This is a follow-up of #946. We came to the conclusion that the algorithm behind find_split should be redesigned in order to decrease one step further the training time in decision trees.

Below is a summary of the strategies we discussed.

N = total number of training samples
N_i = number of training samples at node i
d = n_features.

Let's assume for now that max_features = d.

1. Building X_argsort is O(N log(N) * d)

2. On master, at each node, find_split is O(N * d). To build a fully developed tree, find_split has to be called O(N) times, which results in a cumulative complexity for find_split of O(N^2 * d).
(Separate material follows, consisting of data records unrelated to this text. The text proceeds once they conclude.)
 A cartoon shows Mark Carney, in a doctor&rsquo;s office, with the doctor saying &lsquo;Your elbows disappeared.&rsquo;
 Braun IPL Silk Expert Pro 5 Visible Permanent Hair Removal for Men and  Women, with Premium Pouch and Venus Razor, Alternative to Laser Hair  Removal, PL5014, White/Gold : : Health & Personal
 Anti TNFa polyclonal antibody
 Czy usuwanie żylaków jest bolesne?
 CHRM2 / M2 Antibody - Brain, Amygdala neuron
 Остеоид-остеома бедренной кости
In total, the complexity of building a single tree is then O(N log(N) * d + N^2 * d)

If T trees are built, the complexity is O(N log(N) * d + T * N^2 * d) since X_argsort is shared for all trees.

3. [Strategy A] Assume that we remove sample_mask and that, at each node, we rather reorder X_argsorted in a divide and conquer fashion.
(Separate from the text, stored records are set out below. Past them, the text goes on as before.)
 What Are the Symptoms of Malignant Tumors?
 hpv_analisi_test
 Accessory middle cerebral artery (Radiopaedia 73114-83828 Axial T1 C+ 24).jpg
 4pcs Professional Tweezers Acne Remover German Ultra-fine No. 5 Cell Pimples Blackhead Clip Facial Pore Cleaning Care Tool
In that case, at each node, find_split is O(N_i *d). To build a fully developped tree, find_split has to be called O(N) times, which results, if we further assume that the tree is balanced, in a cumulative complexity for find_split of O(N log(N) * d).

In total, the complexity of building a single tree is then O(N log(N) * d + * N log(N) * d).

If T trees are built, the complexity is O(N log(N) * d + T * N log(N) * d) but requires extra-memory of O(N*d * n_jobs).

4. [Strategy B] Assume that we remove X_argsort and sample_mask and that, each node, we sort the node samples
   along the considered features.

In that case, at each node, find_split is O(N_i log(N_i) * d). I don't exactly know the cumulative complexity in that case but my intuition is that it sould be should something like O(N log(N)^2 * d). Anyway, far less that O(N^2 * d).

In total, the complexity of building a single tree should be around O(N log(N)^2 * d).

If T trees are built, then complexity should be O(T * N log(N)^2 * d).

Overall, I think Strategy A is the best of all but the extra-memory required is a significant disadvatange.

Regarding Strategy B, theory says that asymptotically it is better than master, even for building ensemble of trees. However I agree that we should account for the constant factors behind this analysis. I remain convinced however that we should at least try and see! (I can work on that.)